Share your dilemmas and get honest opinions from other Mumsnetters.

To think if people are having a pay bar they should say so on invite?

855 replies

GlassofRose · 06/07/2012 10:40

I'm going to a wedding next week and my partner is the best man. The couple have been a bit funny with partner this year being very pedantic over what he can and can't write in his speech to the point he told them to write it for them. He's also been in trouble with the bride for getting the groom drunk on his stag night (a whole month before the wedding). They also originally didn't invite me, then invited me to evening only (I'll be travelling up there the night before with my partner so would have been twiddling thumbs in hotel till evening) until my partner asked for me to be invited properly.

I asked my partner to ask if it was a pay bar or free bar as I just had an inkling these two are having a wedding they can't really afford although there was no mention of it on the invite. The reply he got from groom was "Of course it's a pay bar we're paying for the wedding...

Either way, Do you think if guests are expected to be paying for their own drink it should be mentioned on the invite?

OP posts:
JamieandTheOlympicTorch · 06/07/2012 21:15

stuffit - yes I am yanking your chain.

FamiliesShareGerms · 06/07/2012 21:16

Is it normal for pay bar dos to provide soft drinks all night? (the ones I've been to have been a mixture - a couple haven't provided anything after the meal ended at about 8pm; a couple have had orange juice and coke available but cash bar for alcohol). I need something to wet my whistle after a bit of dancing!

Alconleigh · 06/07/2012 21:17

Massively late to this,but can't help myself,love a wedding thread. have been to 15 weddings in last 7 years. Only 2 had a pay bar. Both in hotels. I do rather resent paying for drinks at a wedding, but the reason is that every wedding I have been to has cost me a minimum of £500, when you add up hen do, travel, accommodation, present etc. I have never been to a local wedding, or a wedding in a village hall etc. And I think this is a major issue; when did people start to think that their weddings were worth this much to their friends?!

FamiliesShareGerms · 06/07/2012 21:19

This thread has been really interesting. And made me so glad my wedding was yonks ago and I don't have to worry about what we should or shouldn't do!

VolAuVent · 06/07/2012 21:24

Exactly tyler.

"I think it's more that most weddings with a pay bar (or at least the ones I've been to) provide enough drinks that nobody is going to go thirsty, the expectation is not that people have to buy their own drinks, but you want more than a couple of glasses of Pimms, half a bottle of wine, two glasses of Champagne and tea/coffee they'll have to pay themselves."

WhosPickleisThatOnion · 06/07/2012 21:25

The trouble is yes weddings are getting expensive to the point people sometimes begrudge going to them I think.

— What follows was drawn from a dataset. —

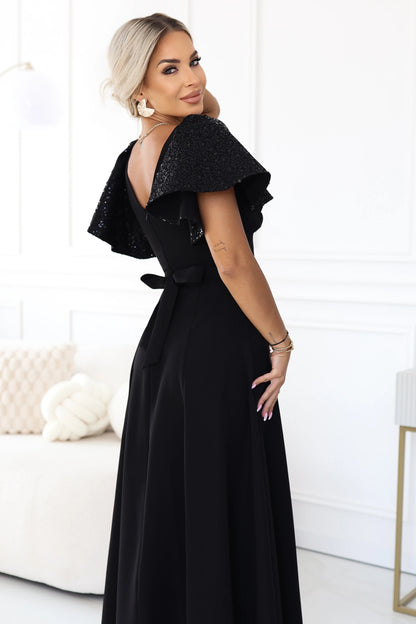 694-1 MIRELLA Elegantes ausgestelltes Maxikleid mit Pailletten-Ärmeln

Buttwart · 06/07/2012 21:26

Do people realise you don't have to go? And that you don't have to buy a new outfit, or a present, or go on the hen do...if you object just don't bloody go!

whenyouseeitwaveorcheer · 06/07/2012 21:31

I'm staggered at the idea of having been to 15 weddings that cost £500 each.

How??? Non local weddings have probably cost me £150 max, including present.

Local ones much less.

Unless they involve travel abroad? But I just couldn't afford to do that so would decline.

Hownoobrooncoo · 06/07/2012 21:31

And still the only ones who have been critical of the choices people make regarding free or paying bar are those who expect a free bar.

Bit rich this criticism coming from the OP who doesn't agree with weddings and marriage, going through life expecting free bars at numerous weddings without ever having to stump up one day herself.

stuffitunderthebed · 06/07/2012 21:31

This reply has been deleted

Message withdrawn at poster's request.

trixymalixy · 06/07/2012 21:42

Grin hope you have a lovely day!

stuffitunderthebed · 06/07/2012 21:57

This reply has been deleted

Message withdrawn at poster's request.

perfumedlife · 06/07/2012 22:10

I don't think the op expects a free bar Hownoo, just has been the norm in her experience. I certainly don't expect a free bar at weddings either, but often that's been the case at weddings in my circle. I personally wanted one at my wedding and cut out lots of fancy extras to have one. I just felt folk were spending enough already attending at our request. We were not well off, we just prioritised. Pehaps some of my guests felt the lack of centre peices and granduer made it less special, who knows? It's personal to each and you can't please everyone. The feedback was that they had a blast though.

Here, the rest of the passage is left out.